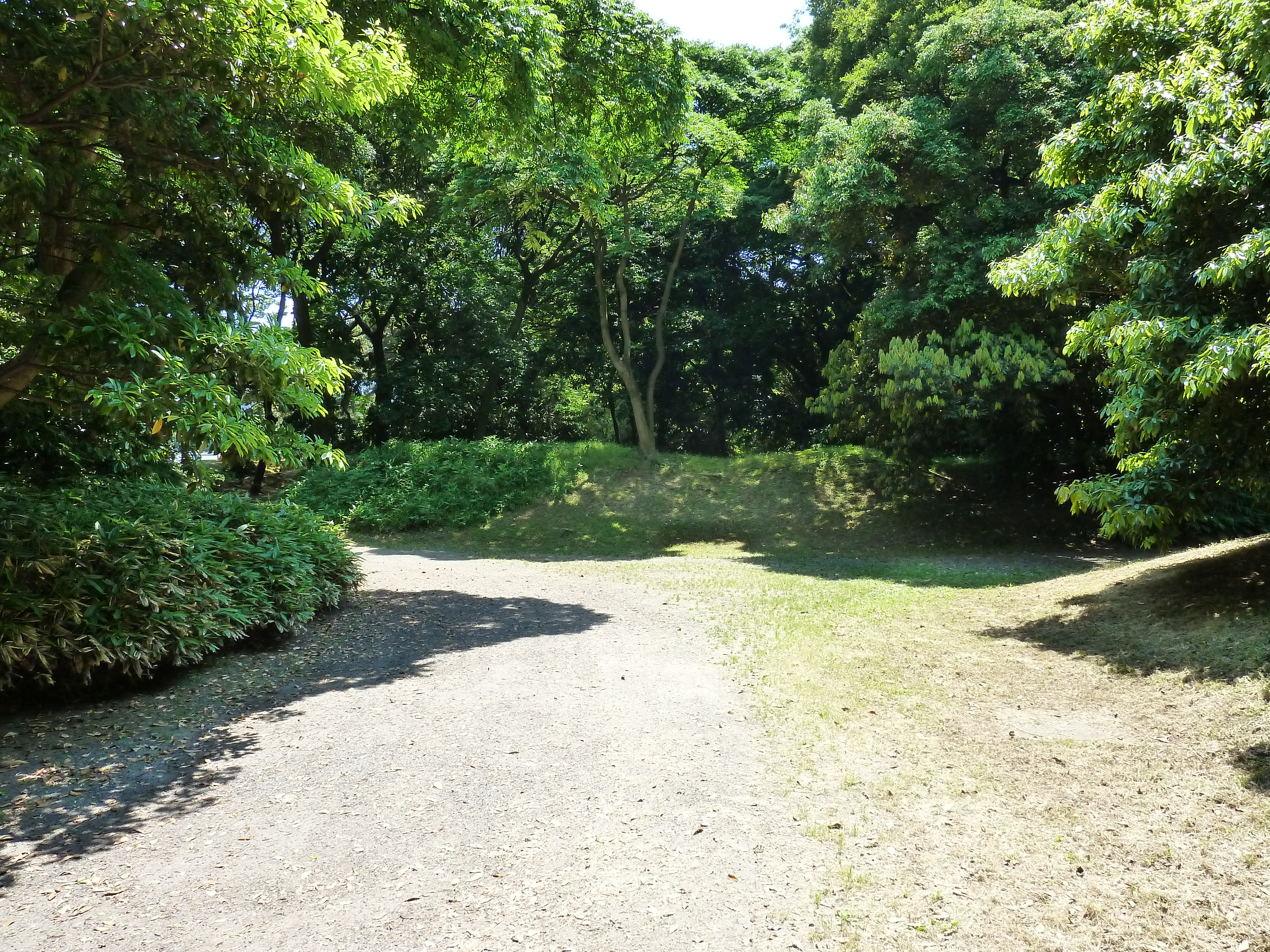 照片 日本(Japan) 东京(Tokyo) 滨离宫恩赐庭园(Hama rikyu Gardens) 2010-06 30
--
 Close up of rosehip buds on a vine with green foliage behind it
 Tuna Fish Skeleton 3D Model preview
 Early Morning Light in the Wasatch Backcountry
--
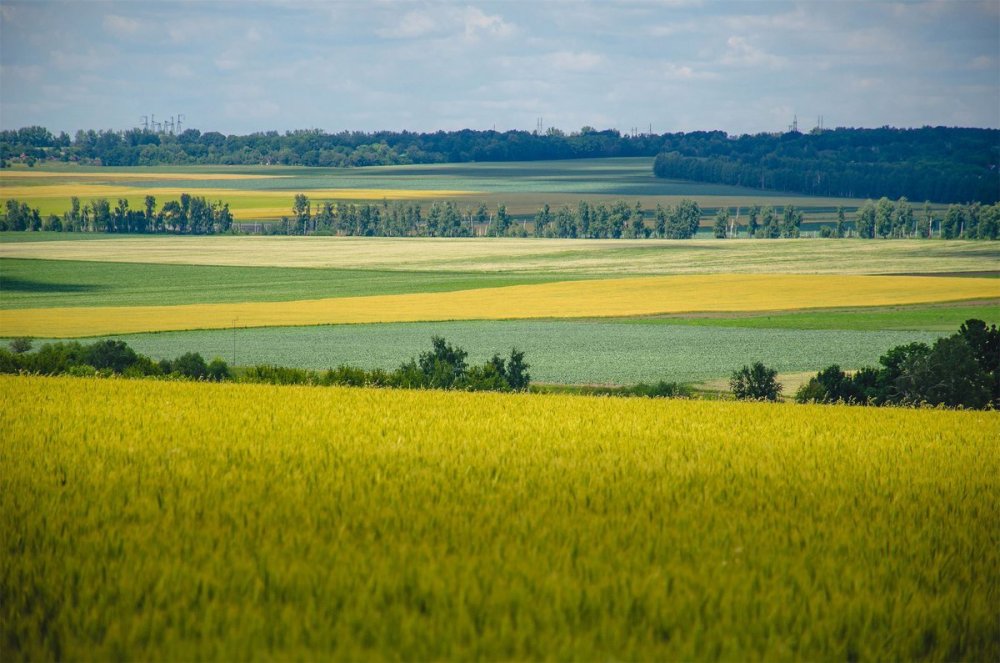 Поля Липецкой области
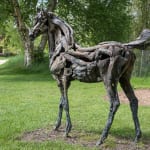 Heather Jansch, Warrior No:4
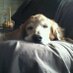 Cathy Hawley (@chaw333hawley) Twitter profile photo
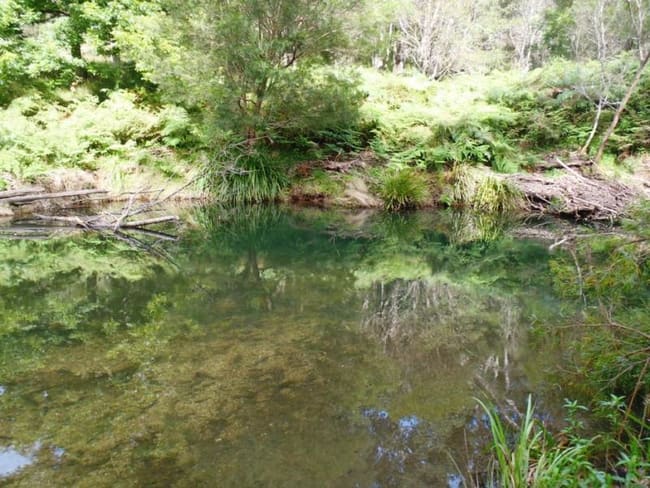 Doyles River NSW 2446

BRIEF:
Your reply is to repeat, unchanged, the lines above running from the one with "Tuna Fish Skeleton 3D Model preview" up to and including the one with "Early Morning Light".

ANSWER:
 Tuna Fish Skeleton 3D Model preview
 Early Morning Light in the Wasatch Backcountry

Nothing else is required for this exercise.